Facilitation
Remember the very best conversations you have had? You were deeply engaged with the subject, talking and listening deeply with your friends, exploring ideas or making something new together. Your world focused down to a point and you found yourself immersed in the flow of creative exchange.
Now imagine if work were like that.
It may be in an organizational setting where conversation and dialogue helps us to understand our potential and work more creatively with one another. Or it could be in a community where deep listening and truthful speaking help us to see through some of our toughest problems. As a facilitator I want you to have these kinds of experiences with your colleagues, friends and neighbours.
My facilitation practice draws heavily on the work of Harrison Owen, Toke Paludan Moeller, David Bohm, David Cooperrider, Juanita Brown, Adam Kahane, and the many First Nations, Inuit and Metis Elders I have had the pleasure of working with and learning from. All of these people have showed us that the path of authentic conversation leads directly to deep engagement with the world around us. It opens up possibilities for solutions to our toughest problems and invites the leader in each of to emerge to help us through the biggest oollective challenges we face.
My facilitation practice emerges from these assumptions:
- The wisdom we need right now is in the room.
- Facilitation is not a directive practice, but rather a practice of creating and holding a container for the group's wisdom to emerge.
- To get to truly creative solutions we must invite chaos and order to play together.
- Leadership is about inviting passion and responsibility into the process and supporting connections for action.
- The process serves the group and needs to be carefully planned but should remain totally invisible.
- Co-creation is the best way to get to wise action
- Process and content are equally important.
- For a system or a group to function well it needs to be learning from its experience.
- Groups are living systems, not mechanical systems.
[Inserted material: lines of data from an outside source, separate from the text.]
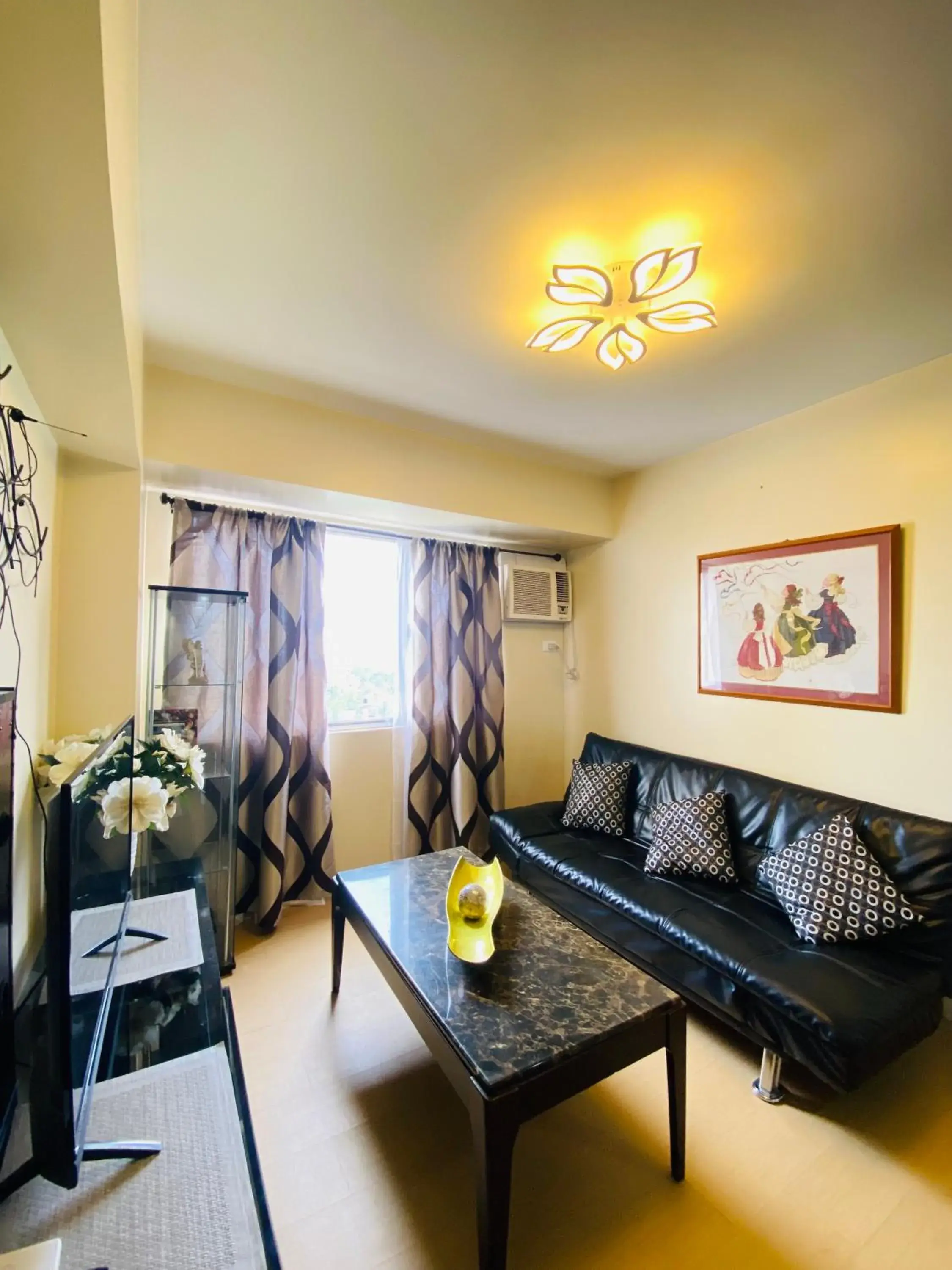 One-Bedroom Apartment with Balcony in Avida Towers Atria One-Bedroom Apartment with Balcony in Avida Towers Atria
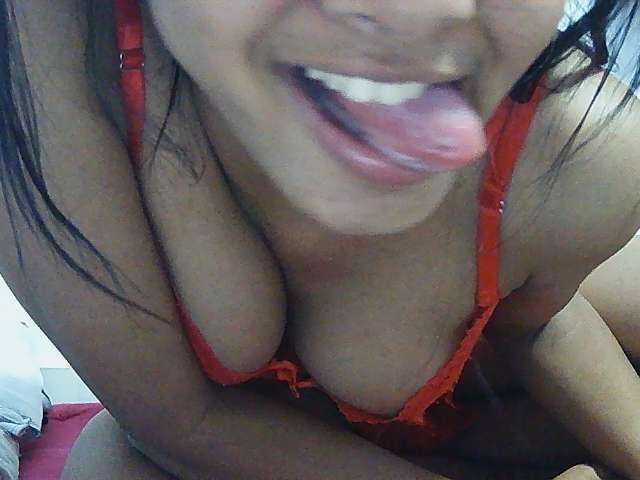 Koushy live cam on BongaCams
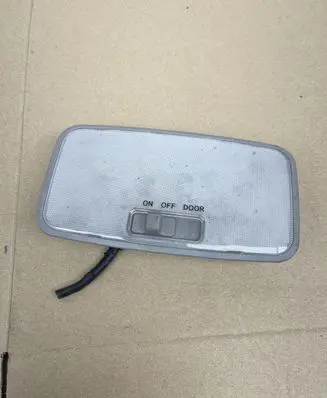 Toyota Prius (XW20) Rear seat light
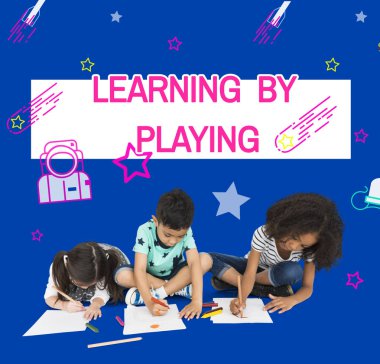 kağıtlara çizim çocuklar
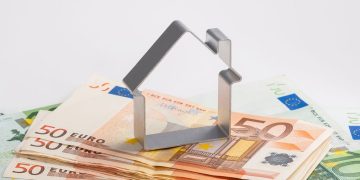 Η κατοικία ως δικαίωμα ή ως επενδυτικό προϊόν; Πώς το βλέπουν ενοικιαστές και ιδιοκτήτες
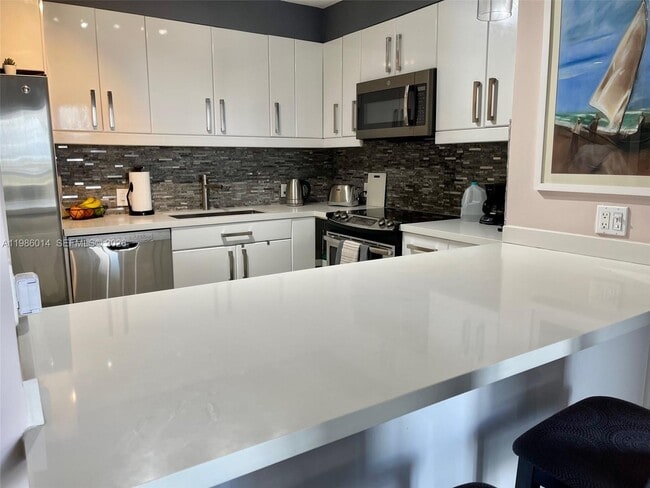 Building Photo - 20281 E Country Club Dr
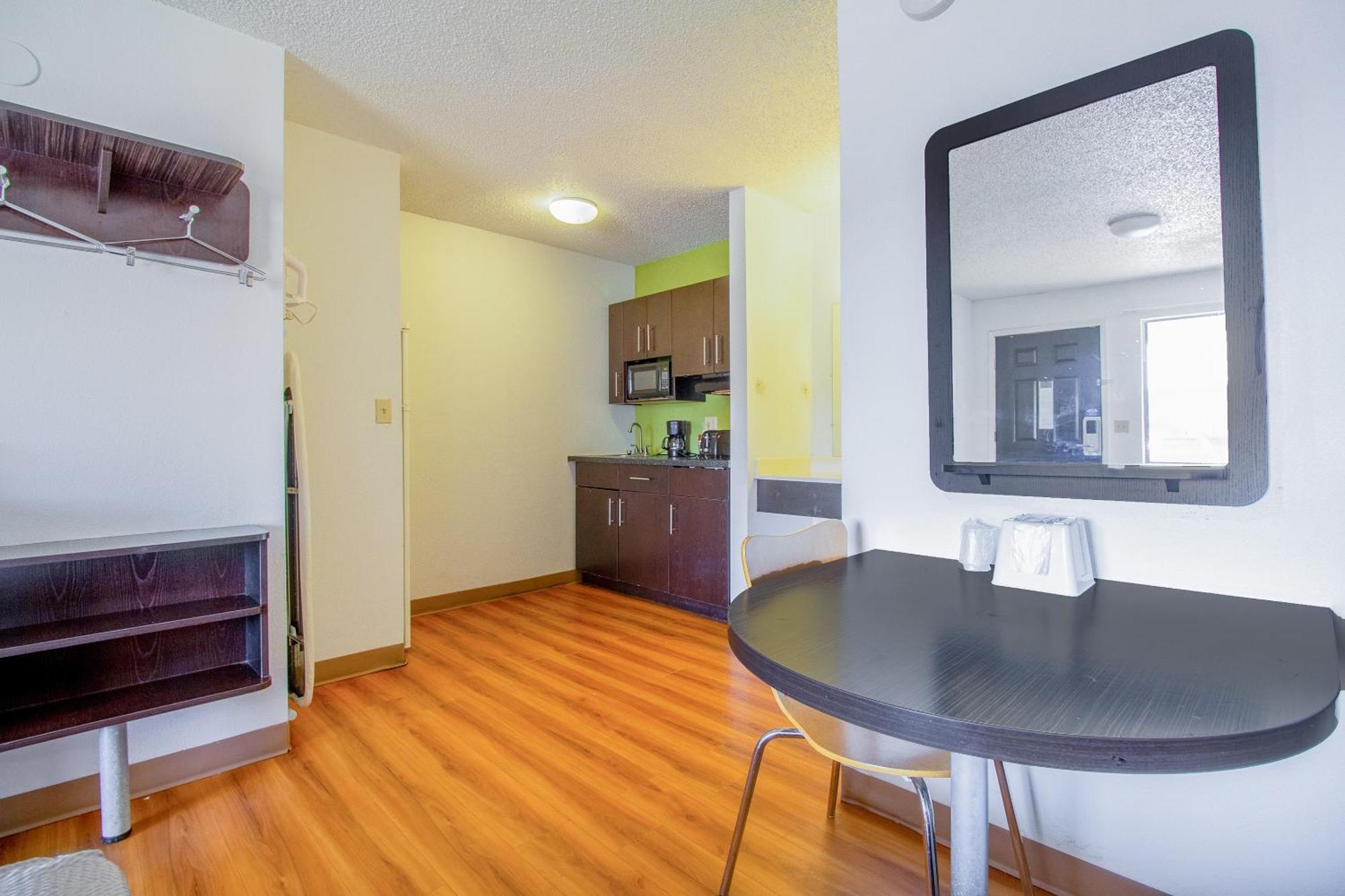 Studio Inn Extended Stay Oklahoma City Airport By Oyo Luaran gambar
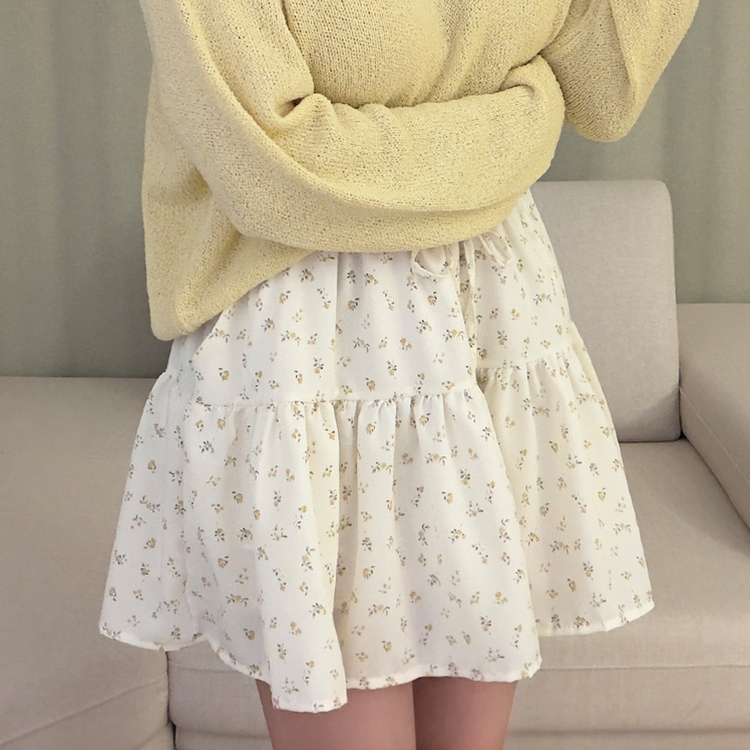 小花柄ポケット付きフレアミニスカート IVORY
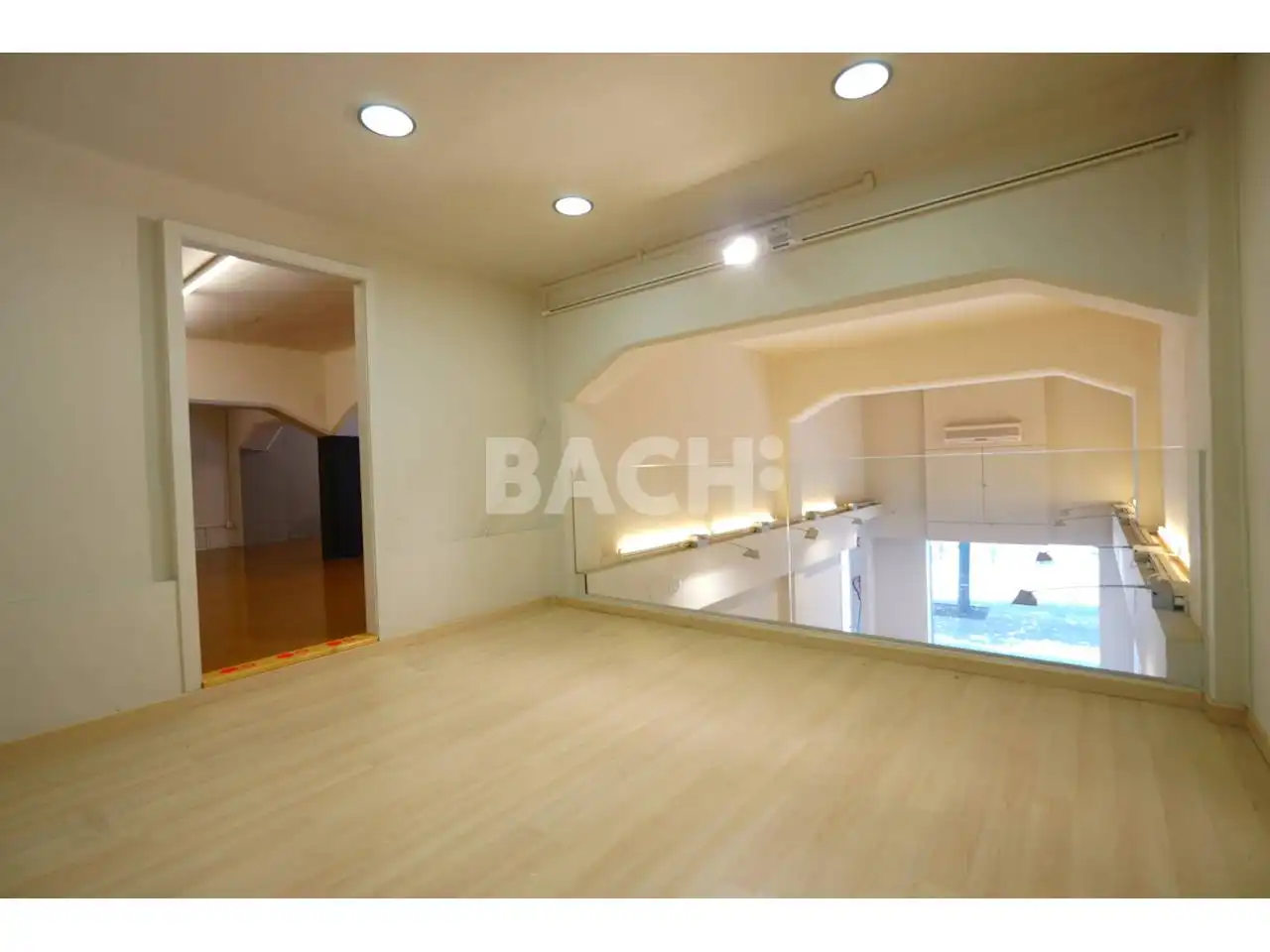 Commercial properties for rent in Vic
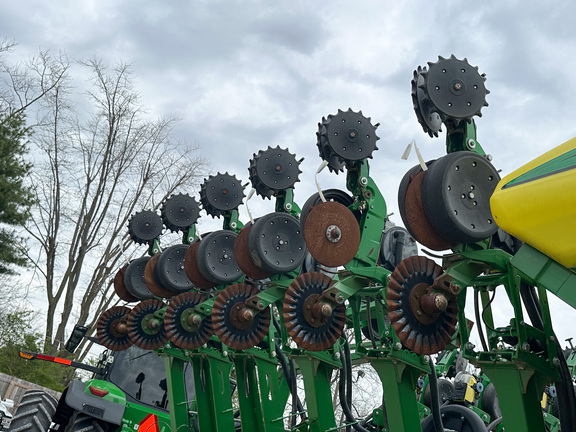 2013 John Deere 1790 Planter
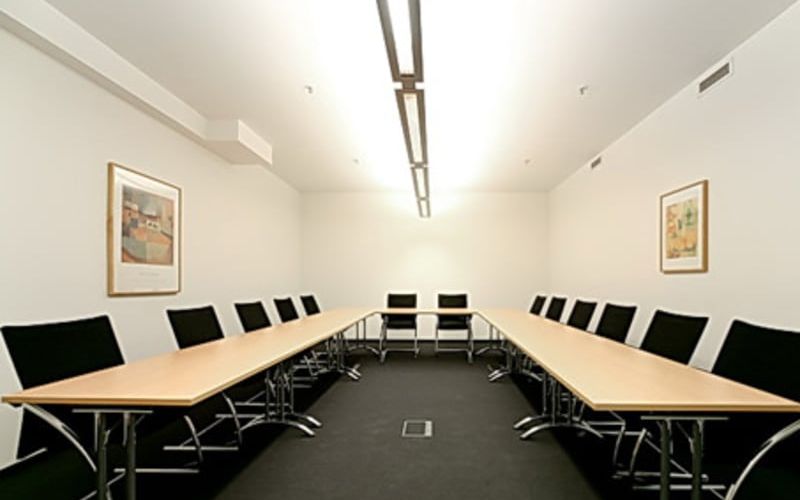 Kossuth Lajos Utca 7-9, Budapest Image 7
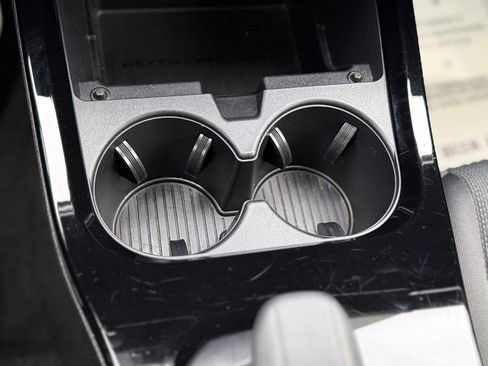 Used 2024 Toyota Prius LE image 17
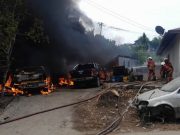 Anggota bomba wanita cedera terkena renjatan elektrik ketika padam kebakaran di Menggatal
- All good work done in the world depends on good collaboration. Good work therefore is about both quality content and quality process.
Working with your group, I will spend time with you crafting an invitation and creating the most effective process for the task at hand. I will walk with you as a facilitator, helping your group to open to itself and find its untapped resources. And I will assist you in harvesting learning and energy from our time together so that your group may find ways to maximize its working relationships long after we have worked together.